Cicéron nous a conservé dans sa version latine un beau passage d’Aristote où l’admiration religieuse que doit inspirer le spectacle de l’univers est vivement peinte, et il range l’écrivain grec parmi les philosophes à qui l’ordre a révélé l’ordonnateur. Il aurait pu ajouter que c’est Aristote qui a mis dans la science la cause finale sous son nom, et qu’il en a fait pour ainsi dire la loi de la nature, en répétant sans cesse ces mots pris longtemps pour axiome : « La nature ne fait rien en vain. » Une fois même il s’oublie, et il appelle la nature Dieu. Cependant ne serait-ce pas là une doctrine exotérique qui voilait sa vraie pensée et dissimulait sa métaphysique?
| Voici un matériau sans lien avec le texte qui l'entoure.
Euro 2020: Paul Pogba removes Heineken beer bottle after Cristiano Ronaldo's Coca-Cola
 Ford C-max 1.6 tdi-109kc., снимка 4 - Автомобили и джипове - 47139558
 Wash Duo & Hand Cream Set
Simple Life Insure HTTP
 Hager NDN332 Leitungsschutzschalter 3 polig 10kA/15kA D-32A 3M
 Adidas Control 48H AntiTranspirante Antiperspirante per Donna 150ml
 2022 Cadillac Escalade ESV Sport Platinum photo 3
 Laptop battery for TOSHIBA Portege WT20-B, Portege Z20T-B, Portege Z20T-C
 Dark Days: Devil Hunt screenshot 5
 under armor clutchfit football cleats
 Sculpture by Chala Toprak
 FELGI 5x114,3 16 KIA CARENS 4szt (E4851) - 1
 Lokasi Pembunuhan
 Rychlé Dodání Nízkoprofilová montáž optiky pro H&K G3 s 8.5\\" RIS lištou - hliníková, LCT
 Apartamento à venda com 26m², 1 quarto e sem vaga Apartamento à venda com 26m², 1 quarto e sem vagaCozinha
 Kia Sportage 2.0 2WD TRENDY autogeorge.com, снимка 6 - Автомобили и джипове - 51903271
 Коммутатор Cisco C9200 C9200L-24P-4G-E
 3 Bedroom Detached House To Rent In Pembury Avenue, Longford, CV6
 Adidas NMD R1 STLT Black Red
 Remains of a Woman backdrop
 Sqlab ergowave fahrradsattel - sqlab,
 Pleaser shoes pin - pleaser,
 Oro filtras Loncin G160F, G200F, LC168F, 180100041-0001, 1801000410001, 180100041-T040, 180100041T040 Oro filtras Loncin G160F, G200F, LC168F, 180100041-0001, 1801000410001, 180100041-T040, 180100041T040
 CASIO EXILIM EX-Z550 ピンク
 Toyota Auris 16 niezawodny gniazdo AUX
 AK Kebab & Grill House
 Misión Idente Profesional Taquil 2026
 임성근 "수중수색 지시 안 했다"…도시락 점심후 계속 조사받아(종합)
Quand il veut arriver, à Dieu même, il le cherche dans la constitution de l’être, et ne le déduit ni ne l’induit de l’expérience de choses sensibles. C’est tout au plus le premier ciel (et le premier ciel n’est pas Dieu) qu’il conclut de l’existence du mouvement par la nécessité d’un premier moteur; mais le Dieu vrai, l’acte pur, la pensée de la pensée, il semble l’atteindre directement et l’affirmer a priori, quoique ce ne soit au fond qu’un corollaire de sa métaphysique. Cependant ce Dieu-là n’est ni l’auteur ni l’ordonnateur intelligent du monde qu’il ne peut connaître, lui qui ne pourrait sans déchéance avoir mis la main à la nature. C’est ainsi que chez les philosophes d’Alexandrie l’artiste divin, le démiurge à qui le monde doit l’harmonie, la beauté, la n’alité actuelle, est néanmoins placé bien au-dessous du premier principe.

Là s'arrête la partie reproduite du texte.